= Arabesk trilogy =

Series of three novels by British author Courtenay Grimwood

The Arabesk trilogy is a sequence of alternate history novels by the British author Jon Courtenay Grimwood.

Starting with the 2001 novel Pashazade and continuing with Effendi (2002) and Felaheen (2003), the point of divergence occurs in 1914 with US President Woodrow Wilson brokering an earlier peace so that World War I never expanded outside the Balkans. The books are set in a liberal Islamic Ottoman North Africa in the 21st century, mainly centring on Alexandria, referred to as El Iskandriyah.

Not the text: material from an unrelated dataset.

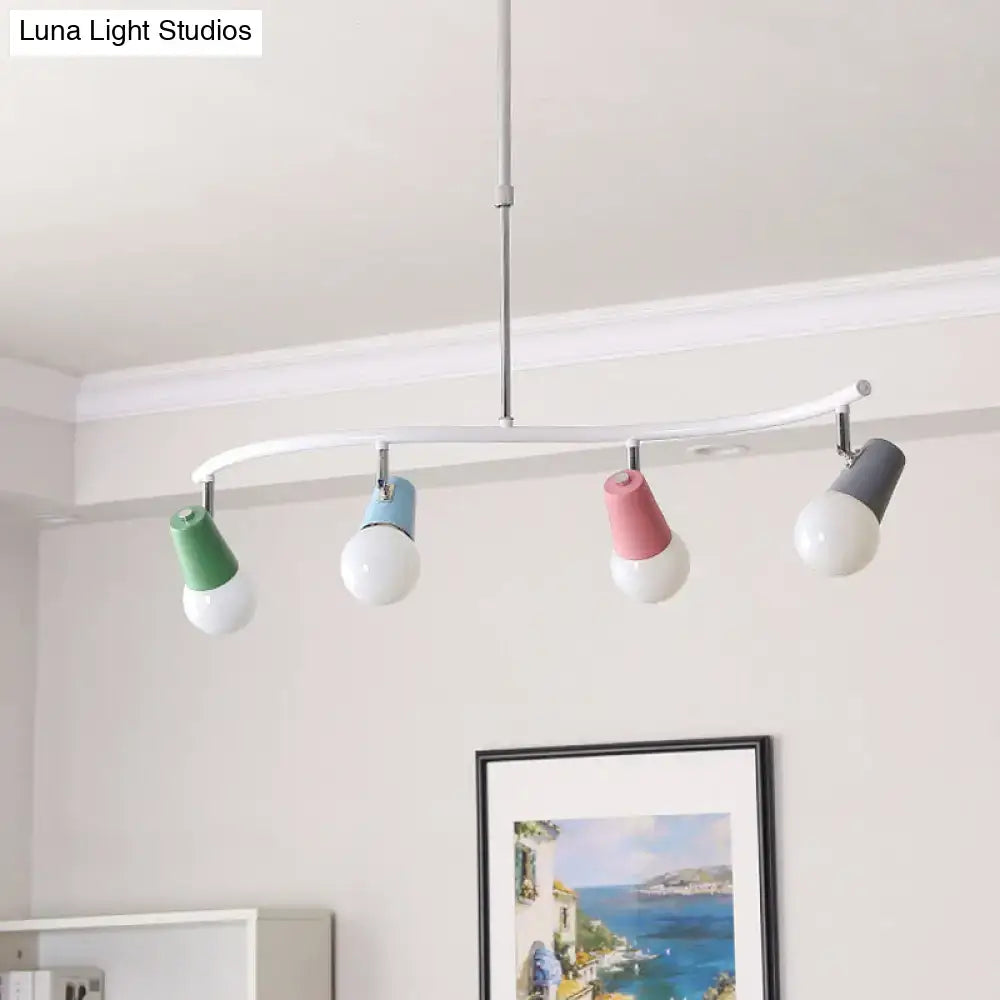 Modern white iron wave island lighting fixture with colorful horn swivel pendant four adjustable cylindrical lamps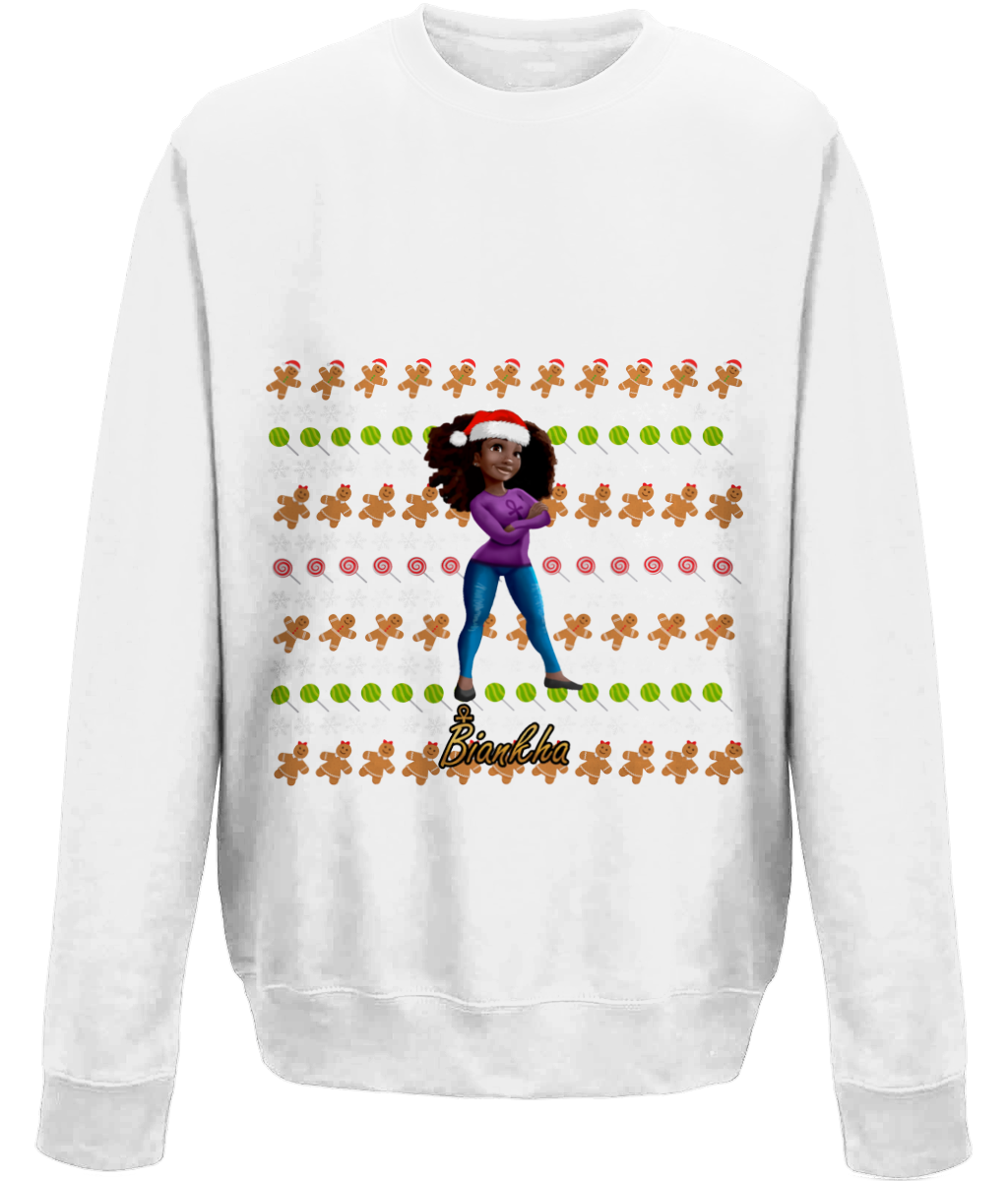 Biankha With Gingerbreads Kids Christmas Jumper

The central character, Raf, is an enigma. Genetically enhanced, frequently wired on various drugs, occasionally accompanied by the hallucinatory fox Tiriganiaq, and strongly conscientious in everything he does, Raf's past is as much a mystery as his future.

==Pashazade==

Pashazade

ISBN 0-7434-6833-3 (shortlisted for the 2002 Arthur C. Clarke Award, BSFA award for Best Novel and John W. Campbell Memorial Award)

The first book centres on the arrival in Alexandria of Bey Ashraf al-Mansur, claimed to be the son of the Emir of Tunis. Shortly after his arrival, though, Raf's tendency to do exactly what he thinks is right leads to unexpected consequences. Between caring for his niece, Hani, and attempting to understand Zara, the girl he was to marry, Raf ends up suspected of his Aunt Nafisa's murder, running from the police as he tries desperately to work out who really killed her.

The main story is intercut with out-of-order flashbacks to Raf's past as a schoolboy in Swiss and Scottish boarding schools and as 'ZeeZee', a low-ranking agent of Hu San, an influential Triad boss in Seattle.

==Effendi==

Effendi

Effendi was shortlisted for the BSFA award for Best Novel.

The second book opens with the discovery of a body near the mansion of billionaire Hamzah Effendi, Zara's father. As the new Chief of Detectives, Raf is obliged to investigate, he uncovers a past as a child soldier under the infamous Colonel Abad that Hamzah would rather forget. Meanwhile, as agents from Berlin, Washington, DC, and Paris battle diplomatically for influence over North Africa's most influential port, its nominal ruler, the young Khedive, is sent on holiday by the Governor General Koenig Pasha, whose cryptic notes Raf is left struggling to understand. The whole city hangs in the balance, and this time, Raf will need help to save it.

This novel includes a second narrative dealing with the young Hamzah's actions as a prepubescent soldier surviving famine and desert to carry out his lethal mission for the mysterious Abad.

==Felaheen==

Felaheen

Felaheen was the winner of the BSFA award for Best Novel and shortlisted for the British Fantasy Award.

The third book starts with the near-death of the Emir of Tunis, forcing Raf to investigate the biggest mystery of all, his own origins. As the 11-year-old Hani races to get to the Emir's banquet, Raf is forced underground to discover the truth about his father. Kashif Pasha, the Emir's other son, is intent on removing any threat Raf might pose to his own claim to the throne, but he could get more than he bargained for if Raf's djinn-like abilities are as real as Hani thinks.

Frequent flashbacks tell the story of Sally Welham, Raf's mother, from New York to Tunis via Thailand as she sets out to get what she wants.